Property prices rose in February due to lower mortgage rates, according to the latest national house price index.
Britain’s largest building society recorded a 0.7 per cent rise in average house prices after taking into account seasonal effects.
It means house prices have risen 1.2 per cent since this time last year, the first time Nationwide has recorded a positive annual reading since January 2023.
But prices are still about 3 percent below the record highs recorded in the summer of 2022.
Annual increase: nationally recorded a year-on-year increase in house prices for the first time in 13 months
Average house prices peaked at £273,751 in August 2022, according to Nationwide. They are currently at £260,420 in February.
The recent price rally is attributed to lower mortgage rates. Although rates rose last month, this came after five consecutive months in which mortgage rates fell.
The average two-year settlement has fallen from a high of 6.86 percent to 5.75 percent, according to Moneyfacts, while the average five-year settlement has fallen from a high of 6.37 percent to 5.33 percent.
For homebuyers with the biggest deposits, it is now possible to secure a five-year fix of 4.09 per cent and a two-year fix of 4.39 per cent.
Robert Gardner, chief economist at Nationwide, said: ‘The decline in borrowing costs at the start of the year appears to have sparked a rebound in the housing market.
“Indeed, industry data sources indicate a notable increase in mortgage applications at the beginning of the year, while surveyors also reported an increase in inquiries from new buyers.”

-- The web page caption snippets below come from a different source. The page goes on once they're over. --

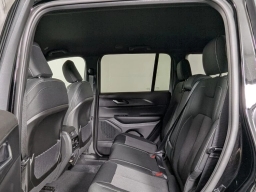 Jeep Grand Cherokee Laredo 4x2 2025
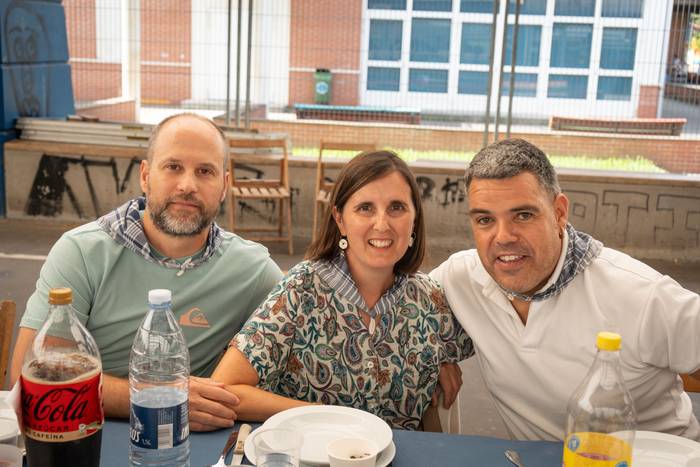 Ehunka lagun bildu dituzte j 28 1757018394054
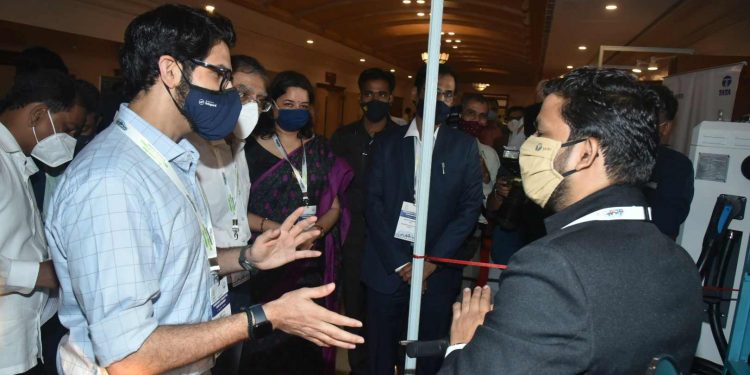 Environment Min Shri Aditya Thakarey Sir at Promotion of E-Mobility for Clean Environment 2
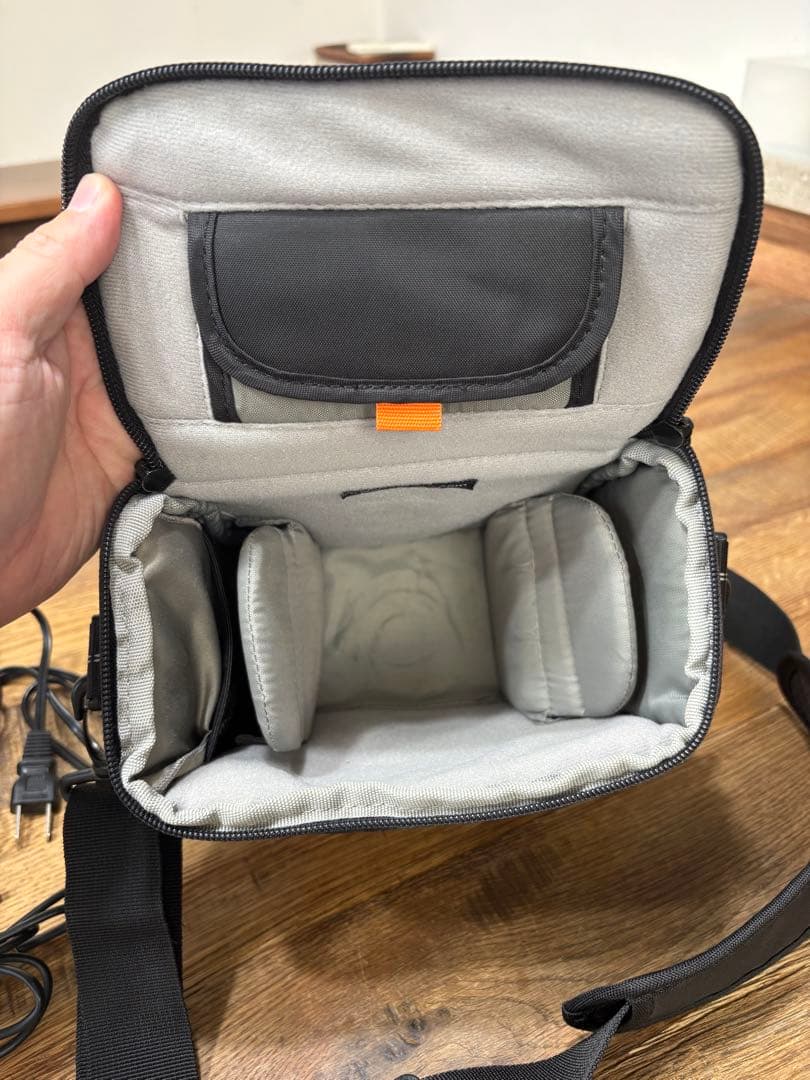 【美品】Nikon D5000 完動品　デジタル一眼レフカメラ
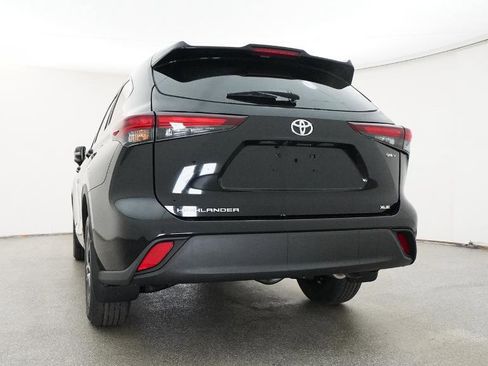 New 2026 Toyota Highlander XLE image 58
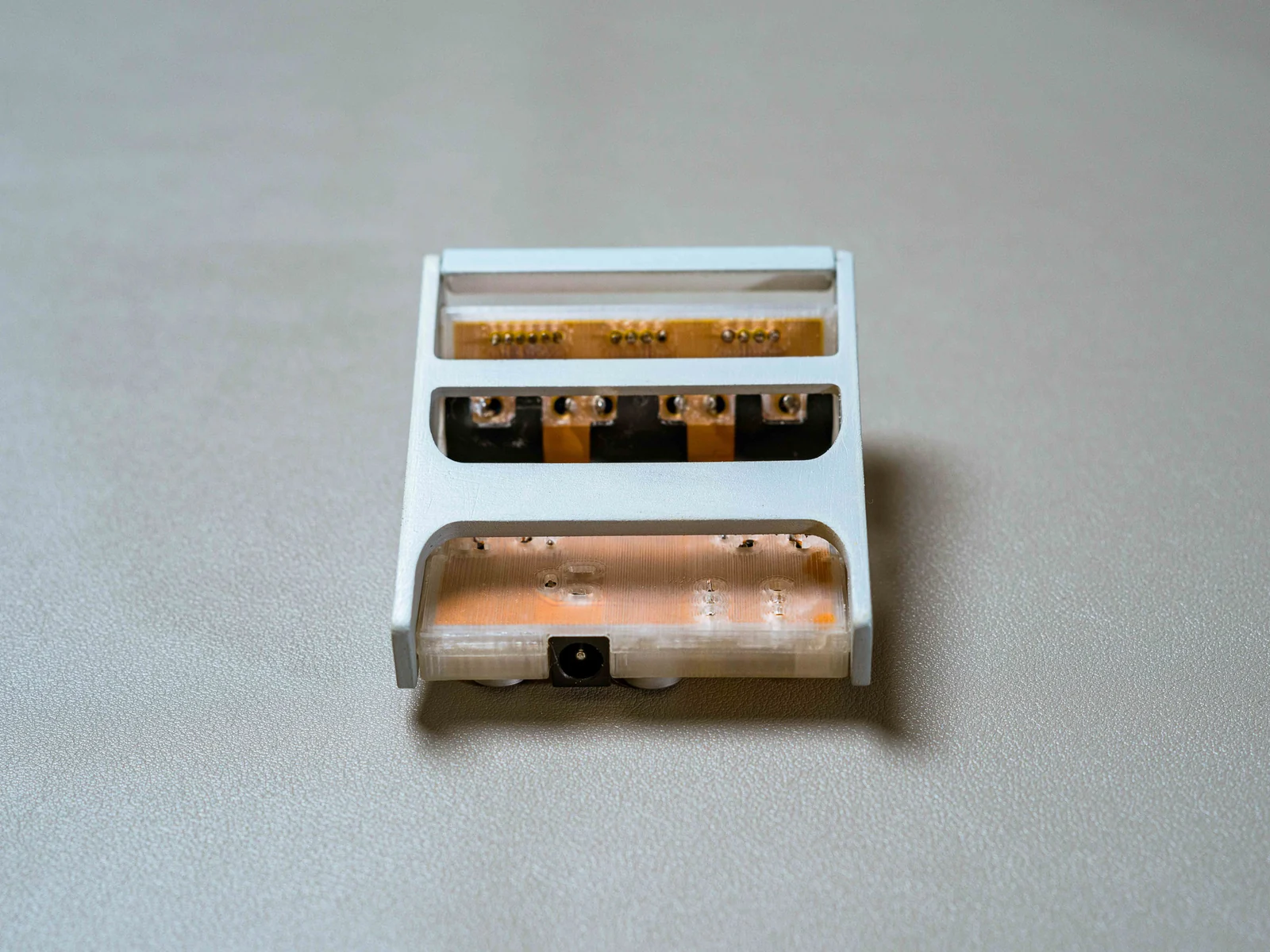 flexFX — Underside view, another angle
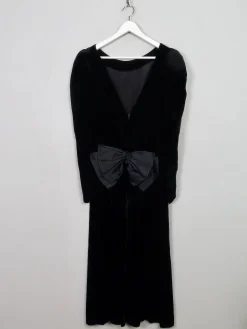 Vintage Black Velvet Dress With Long Sleeves XS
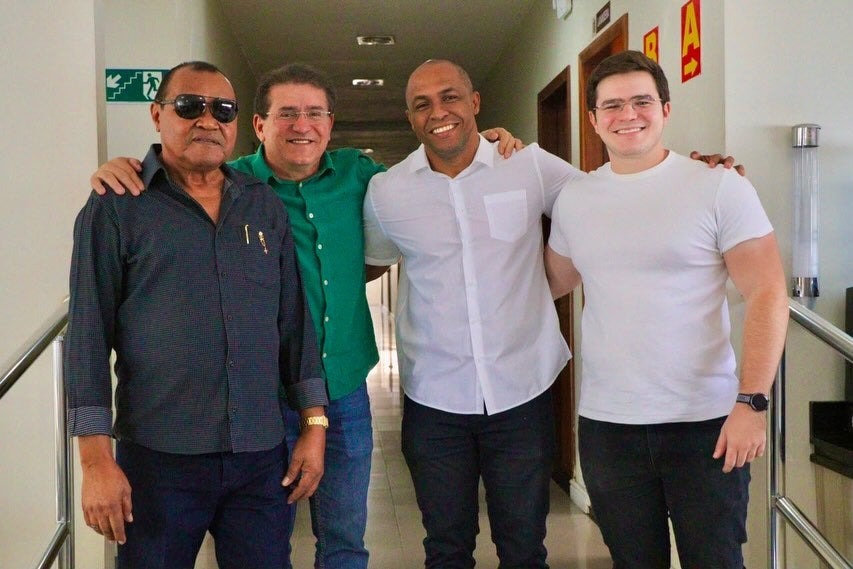 Luciano Duque recebe apoio do vereador Jefferson Técio durante agenda política em Petrolândia ao lado de Miguel Duque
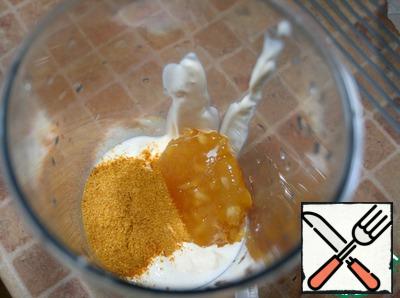 Now you need to prepare the sauce. Mix mayonnaise with yogurt, add orange jam and curry. Beat with a mixer at low speed.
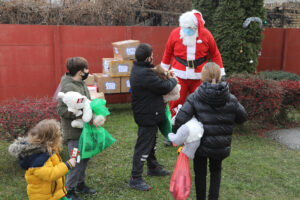 HRH CROWN PRINCESS KATHERINE’S FOUNDATION CONTINUES DISTRIBUTION OF CHRISTMAS PRESENTS FOR CHILDREN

More affordable? Mortgage rates have fallen from summer 2023 highs
Yesterday, the Zoopla House Price Index reported an increase in the number of buyers and sellers on the market, resulting in more sales in early 2024.
Many in the property sector have welcomed Nationwide’s figures as evidence that the property market is recovering.
Nicky Stevenson, managing director of national estate agent group Fine & Country, said: “Positive signs for the housing market are moving from a trickle to a flood this year, with the annual change in house prices rising for the first time. in 13 months.”
‘Demand is rising as lower mortgage rates have encouraged buyers to restart their property search, and falling inflation suggests better news is to come.
“We are approaching one of the best seasons for home sales and sellers should consider this a good time to put their home on the market.”
Warming up? Zoopla reported that buyer demand is 11% higher than a year ago, while the number of agreed sales increases 15% year-on-year
Jonathan Hopper, chief executive of Garrington Property Finders, added: “It’s a recovery, not a problem.” Data from Nationwide shows that house prices have risen in four of the last five months, and the upward momentum is now so strong that prices are rising at this time last year.
‘The most important thing is that the market has also become more fluid. For sale signs are starting to appear on homes across the country, and real estate agents are reporting a steady increase in interest from both buyers and sellers.
“A growing number of buyers who stood by last year are deciding that now is the time to strike, before prices begin to accelerate upwards.”
On the rise: But Nationwide says house prices remain around 3% below record highs recorded in summer 2022.
New increases “will depend on mortgage rates”
Nationwide’s chief economist warned about future interest rates.
‘The near-term outlook remains highly uncertain, partly due to ongoing uncertainty about the future path of interest rates.
“Borrowing costs remain well below last summer’s peaks but, if the recent upward trend continues, it threatens to slow the pace of any housing market recovery.”
While house price indices show the general trend across the country, the picture varies depending on where you live in the UK.
Nationwide’s house price index relates to its own approved mortgage applications and therefore does not include cash buyers or mortgage data from other lenders.
Another lender that also tracks house prices based on its own mortgage applications is Halifax. It said average prices rose 2.5 per cent in the 12 months to January.
ONS house price figures are widely regarded as the most comprehensive and accurate index. This is because the report from the UK’s official statisticians uses data from the Land Registry and is based on average sales prices.
However, property transactions often take months to complete, meaning ONS figures do not necessarily reflect what is happening in the property market at the moment.
Earlier this month, the ONS revealed that the average UK house price fell by 1.4 per cent in the year to December 2023.
Another monthly index comes from Rightmove. This tracks newly listed sales prices each month, which can provide a more immediate picture of what’s happening in the market, but it doesn’t measure the final sale price of homes.
Rightmove reported that average selling prices rose 0.9 per cent in February to £362,839, according to the company’s latest data, following a 1.3 per cent rise in January.